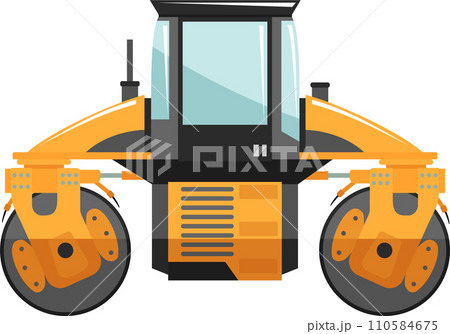 Road Roller Compactor Icon in Flat Style. Vector Illustration 110584675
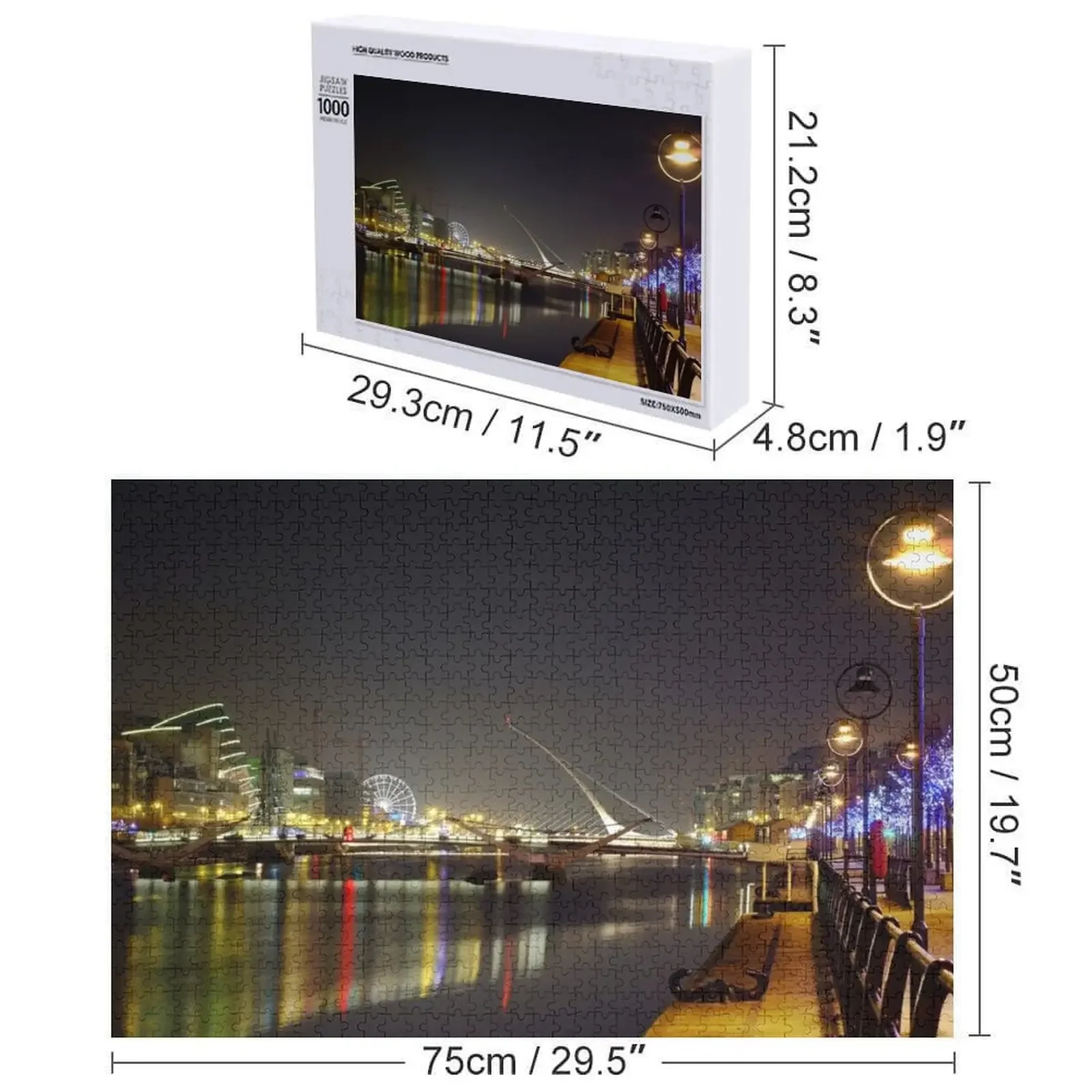 Dublin Night Jigsaw Puzzle Woodens para adultos Presente personalizado Presentes personalizados para crianças Quebra-cabeça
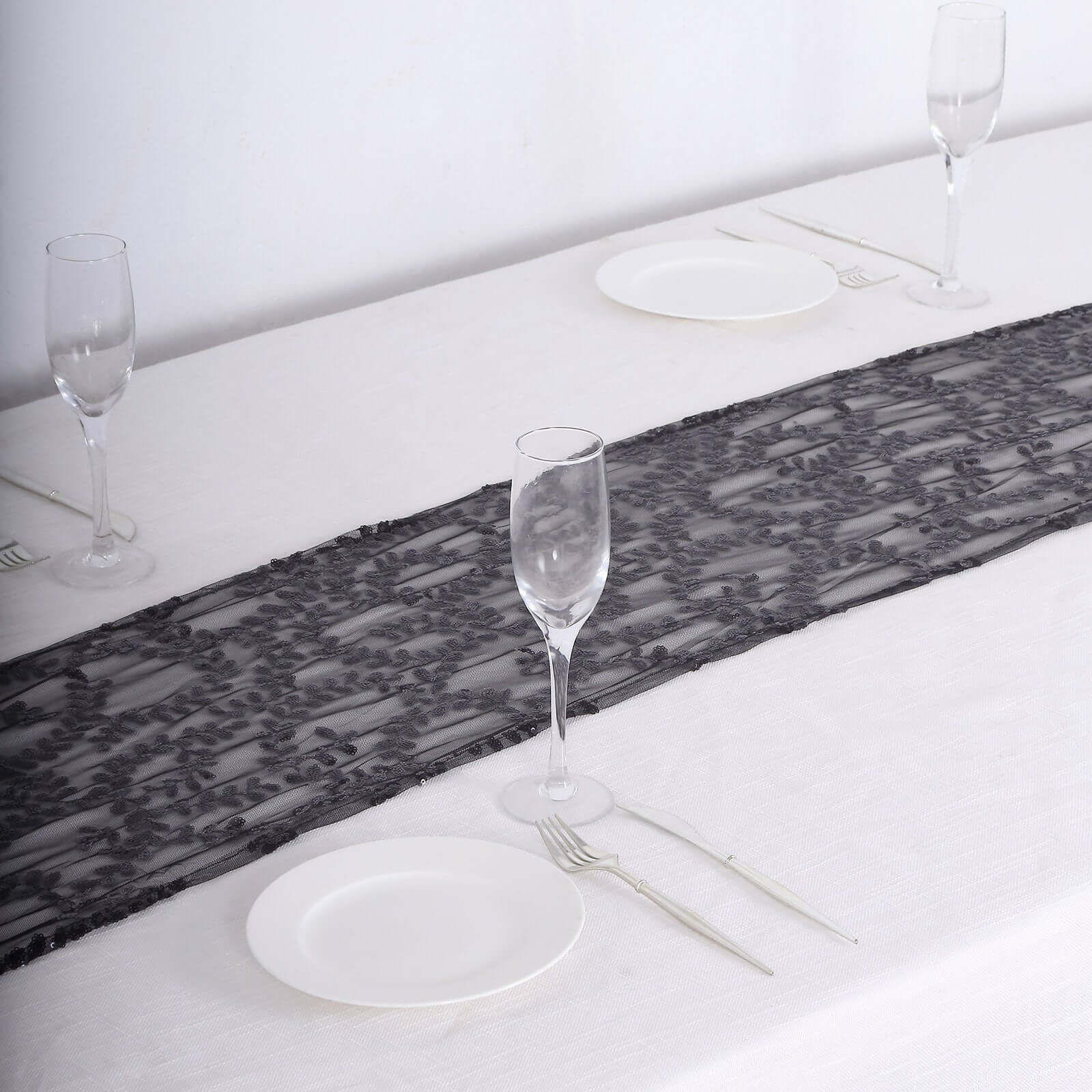 Sequin Mesh Table Runner 12"x108" Black Leaf Vine Embroidered Design - Image 9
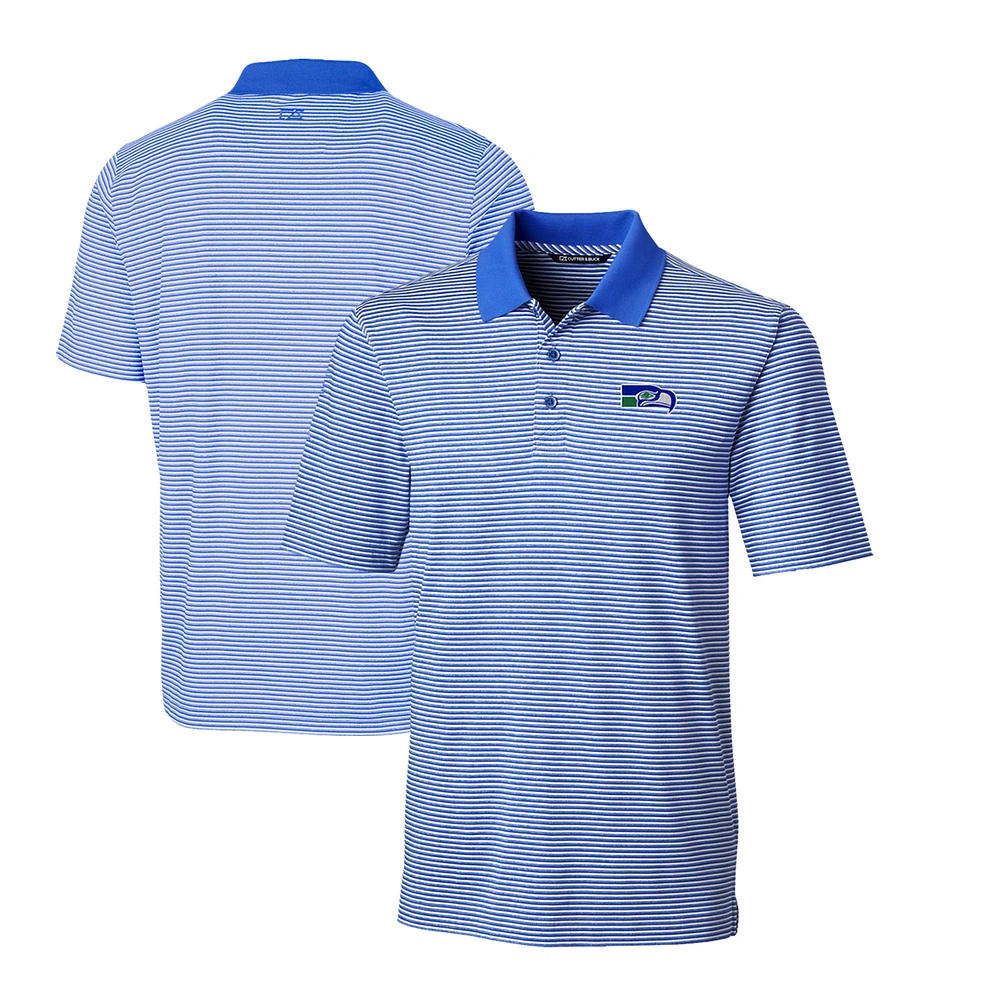 Men's Cutter & Buck Blue Seattle Seahawks Throwback Logo Forge Tonal Stripe Stretch Polo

-- -- --

**Exercise**
Repeat word for word only the lines from the line holding "Sequin Mesh Table" to the final line of the material, both included. Don't carry over any picture.

**Solved problem**
 Sequin Mesh Table Runner 12"x108" Black Leaf Vine Embroidered Design - Image 9
 Men's Cutter & Buck Blue Seattle Seahawks Throwback Logo Forge Tonal Stripe Stretch Polo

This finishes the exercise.